Can CarMax (NYSE:KMX) make it three-for-three? The used-car retailer is in the middle of a shaky growth rebound, having gone from substantial year-over-year sales declines last year to just barely get back to positive sales growth. It's aiming for a third-straight acceleration in revenue gains in its upcoming financial report, but will have to overcome some challenges to accomplish that.
Let's look at those issues and the key metrics to watch in the announcement set for Friday, Dec. 21.
Selling more cars
Sales growth returned last quarter, improving to a 2.1% gain from a 2% drop in the prior quarter and an 8% decline at the end of fiscal 2017. Investors will look for another positive result on this metric on Friday to demonstrate that CarMax's sales have stabilized.
Looking beyond the top line, we can expect an update on two trends that have hurt the retailer's business lately. First, customer traffic has been declining for almost a year, making it much harder to keep growth on track. CarMax has counteracted that by boosting its conversion rates both online and in its lots. But those efficiency gains can only go so far. The chain will need to return to at least modest traffic growth to support rising revenue targets.
Then there are the pricing challenges that have been pushing costs higher. CEO Bill Nash and his team aren't sure what's driving the volatility in CarMax's acquisition costs, but they said back in September that tariffs could be hurting the industry by spurring unusually high demand for new vehicles, relative to used ones. Executives should explain on Friday how these challenges played out in the third-quarter results, especially with respect to earnings. If CarMax can maintain its profitability, with gross profit per vehicle holding steady at around $2,200, then the pricing problems haven't posed a significant threat to its profit power.
Other growth avenues
Expanding its store base is a pillar of CarMax's growth plan, so any update on this topic will be worth investors' attention. It was a busy quarter on that score, with car lots opened in new metropolitan markets in North Carolina, Texas, and Louisiana. The retailer is aiming to tack on about 15 locations this year, and investors should get an update on Friday about the strength of that expansion, including whether CarMax plans to maintain that pace heading into 2019.

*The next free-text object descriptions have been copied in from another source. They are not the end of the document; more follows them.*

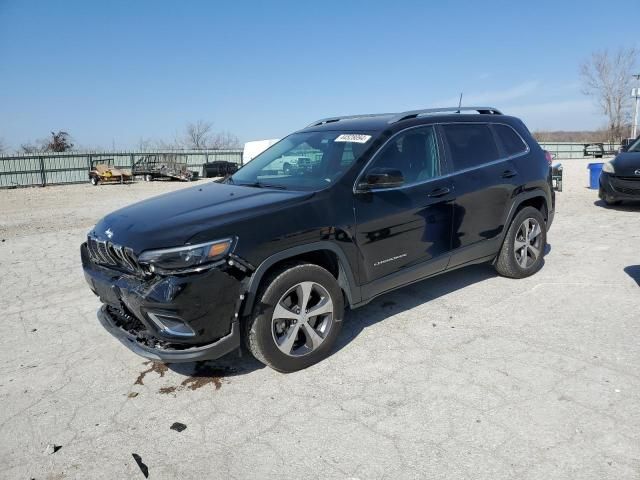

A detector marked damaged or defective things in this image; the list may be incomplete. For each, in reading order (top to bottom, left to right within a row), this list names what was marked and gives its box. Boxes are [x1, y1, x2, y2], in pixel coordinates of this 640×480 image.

damaged headlight [138, 237, 235, 274] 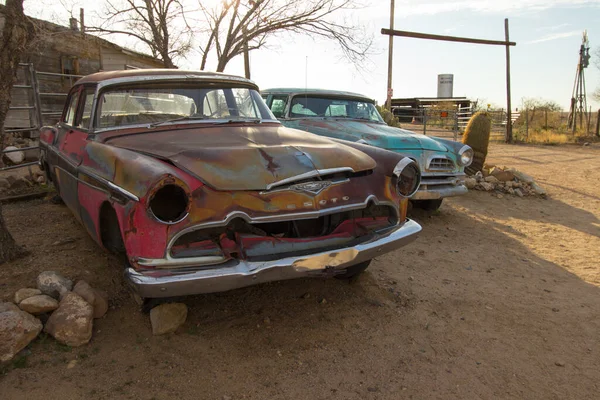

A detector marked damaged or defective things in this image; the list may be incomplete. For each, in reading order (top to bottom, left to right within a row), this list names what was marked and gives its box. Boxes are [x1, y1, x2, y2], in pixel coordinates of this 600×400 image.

rusted desoto car [38, 69, 422, 300]
rusted desoto car [262, 88, 474, 211] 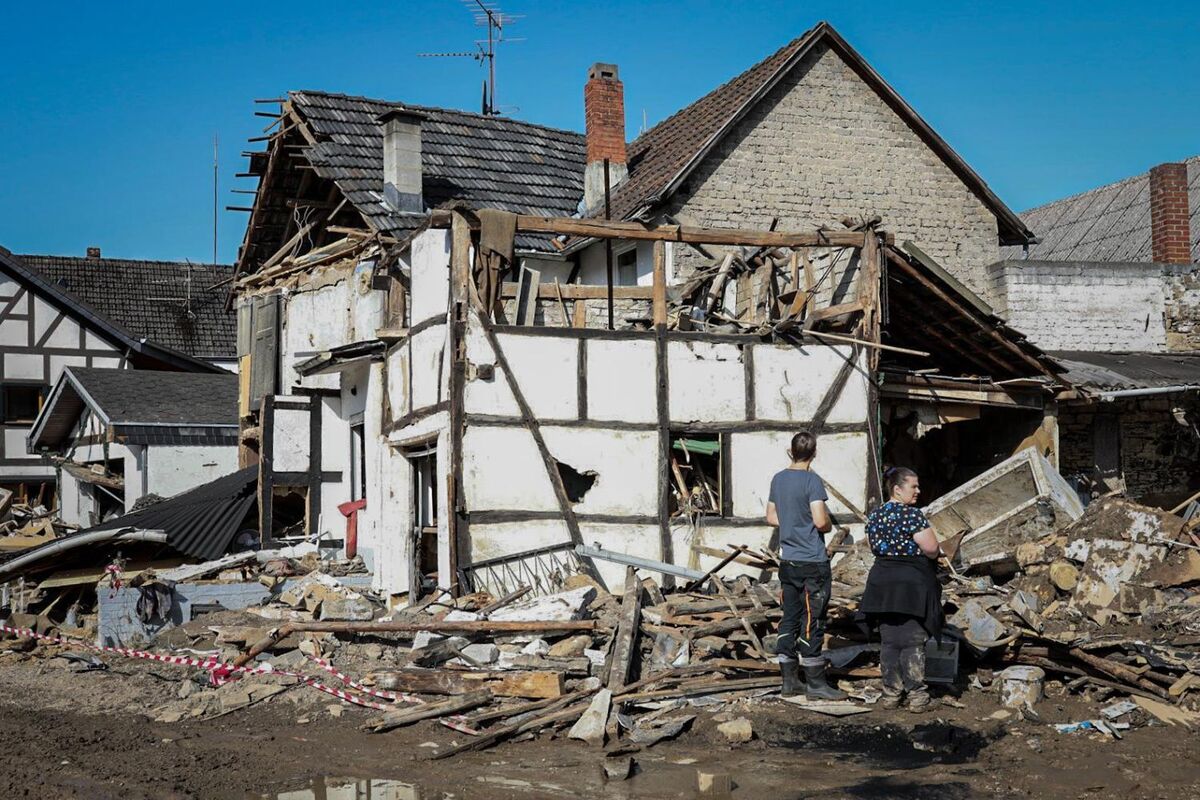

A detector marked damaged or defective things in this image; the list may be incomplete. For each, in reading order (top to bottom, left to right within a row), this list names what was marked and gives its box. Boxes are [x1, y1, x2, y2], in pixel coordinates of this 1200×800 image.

broken wood plank [608, 564, 648, 692]
broken wood plank [364, 692, 490, 736] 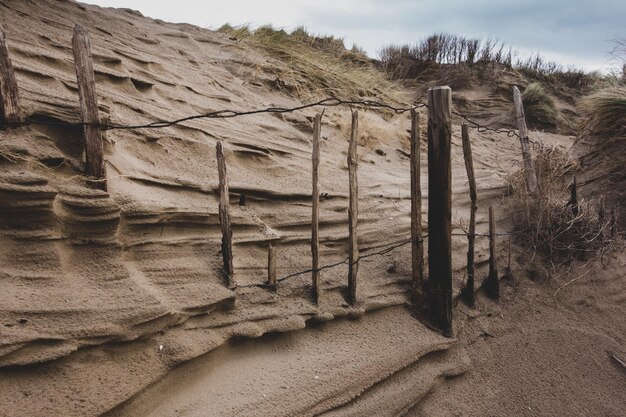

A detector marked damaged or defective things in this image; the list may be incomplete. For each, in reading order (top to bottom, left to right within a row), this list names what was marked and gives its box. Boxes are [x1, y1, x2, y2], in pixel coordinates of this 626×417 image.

broken wooden stake [0, 24, 21, 127]
broken wooden stake [72, 24, 106, 190]
broken wooden stake [214, 141, 234, 288]
broken wooden stake [426, 85, 450, 334]
broken wooden stake [460, 123, 476, 306]
broken wooden stake [482, 206, 498, 300]
broken wooden stake [512, 85, 536, 195] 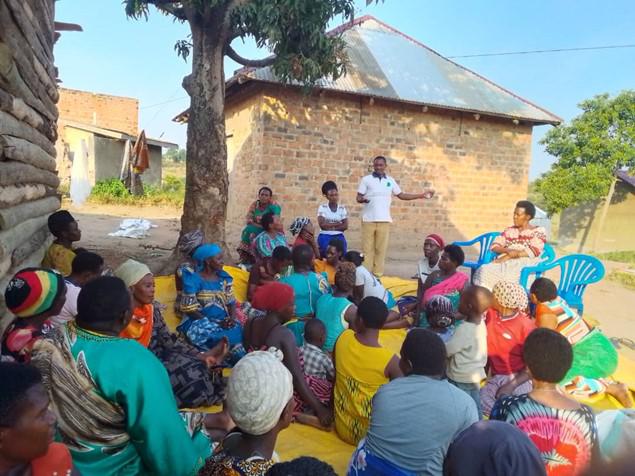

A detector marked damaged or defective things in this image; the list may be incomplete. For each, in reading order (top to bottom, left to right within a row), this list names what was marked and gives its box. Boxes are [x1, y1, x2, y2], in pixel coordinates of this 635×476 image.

rusty roof sheet [227, 16, 560, 125] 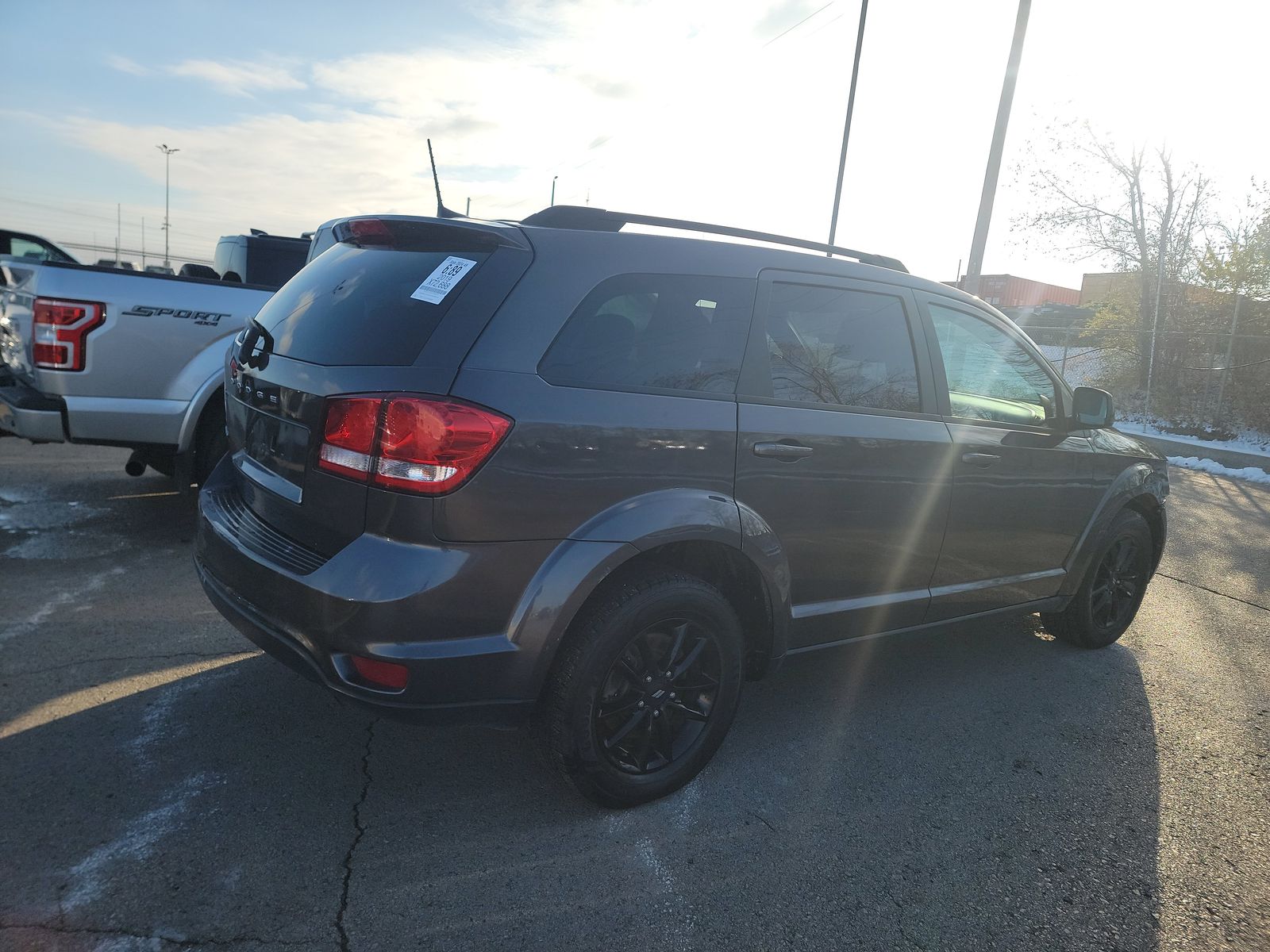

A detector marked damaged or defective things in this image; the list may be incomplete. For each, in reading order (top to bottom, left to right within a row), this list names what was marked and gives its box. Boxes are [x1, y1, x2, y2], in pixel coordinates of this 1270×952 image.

cracked asphalt [0, 441, 1264, 952] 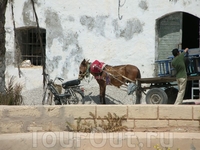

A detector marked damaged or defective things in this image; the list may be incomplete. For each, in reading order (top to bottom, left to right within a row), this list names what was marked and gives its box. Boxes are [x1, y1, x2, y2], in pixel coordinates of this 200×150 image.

peeling plaster wall [3, 0, 200, 103] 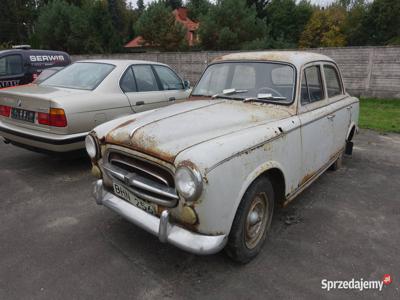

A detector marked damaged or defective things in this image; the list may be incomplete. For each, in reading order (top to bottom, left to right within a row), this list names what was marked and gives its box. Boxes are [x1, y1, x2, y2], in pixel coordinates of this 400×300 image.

Finally, expect management to spend plenty of time talking about its digital sales strategies. That's because, in contrast to the weakening traffic volume at a typical store, its website is handling many more visitors lately. The demand has been strong enough to convince CarMax to put serious resources behind moving as much of the car shopping process online as possible. In fact, it recently launched a trial program that allows a shopper to conclude the entire purchase without having to set foot on a lot.
The program is only available in one of CarMax's metro markets today. But if it works as well as management hopes, then investors can expect to see the program rolled out nationally in 2019.